The SRC has given all State agencies and ministries up to November 30 to present a list of the allowances they are currently paying their staff, setting the stage for a review that will harmonise the perks.

Scrapping some allowances and merging of others will cut an estimated Sh100 billion annually from the public service wage bill.

In June, the SRC froze a Sh82 billion salary increment for all civil servants for two years, highlighting Kenya’s rapidly deteriorating cash-flow situation that is marked by near-stagnant revenues and worsening debt service obligations.

Kenya delayed the pay review to June 2025, agreed to curb fresh hiring, and work on removing ghost workers, including staff who have died, retired, or deserted duty.
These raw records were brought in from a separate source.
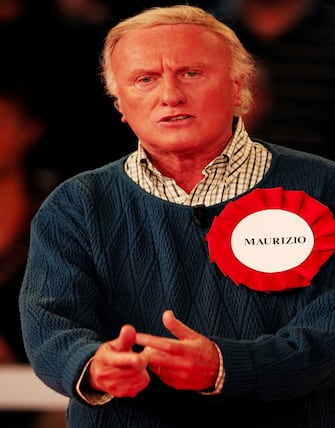 Maurizio Seymandi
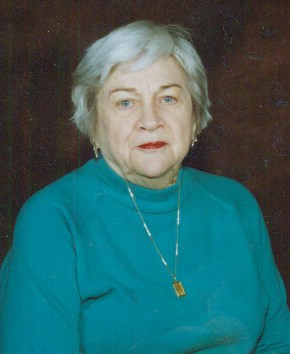 Mary Toland Bell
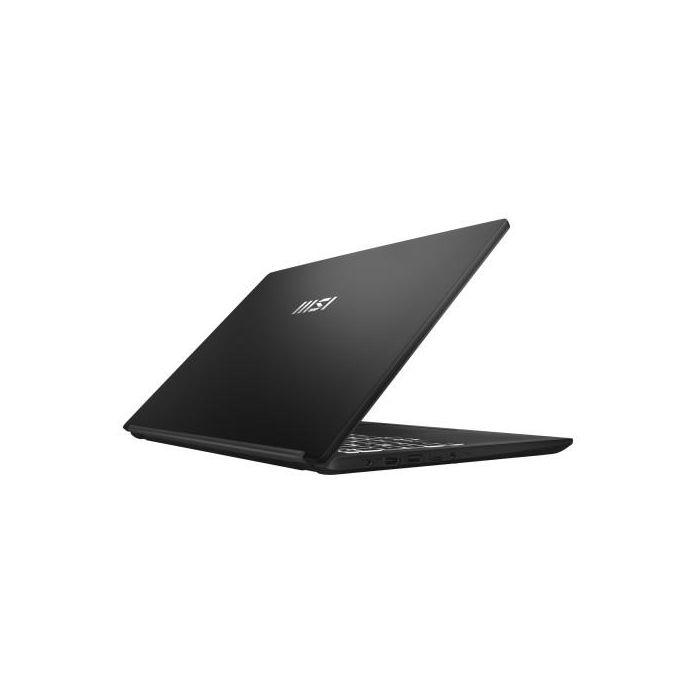 MSI Portatil Modern 15 B7M-461Es. 15.6" Fhd (1920*1080), 60Hz Ips. Ryzen 5 7430U. Amd Radeon Graphics. Ddr Iv 16Gb. 512Gb Nvme Gen3X4 Ssd. Negro. W11 Home 3 MSI Portatil Modern 15 B7M-461Es. 15.6" Fhd (1920*1080), 60Hz Ips. Ryzen 5 7430U. Amd Radeon Graphics. Ddr Iv 16Gb. 512Gb Nvme Gen3X4 Ssd. Negro. W11 Home 3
The freeze in non-essential hiring and pay sets the stage for tough times ahead as costs of basic items such as fuel, rent, and food continue to spiral.

The SRC says that the freeze on pay increments and harmonisation of allowances have the effect of reducing the burden of the public wage bill on Kenya’s revenues from 51.7 percent to 48 percent.

More emphasis was put on allowances starting 2015 as the government saw it as an alternative to controlling its pension bill by not raising salaries.

State think-tank Kenya Institute for Public Policy Research and Analysis (Kippra) said that allowances paid to civil servants have made the government the preferred employer and called for a radical review.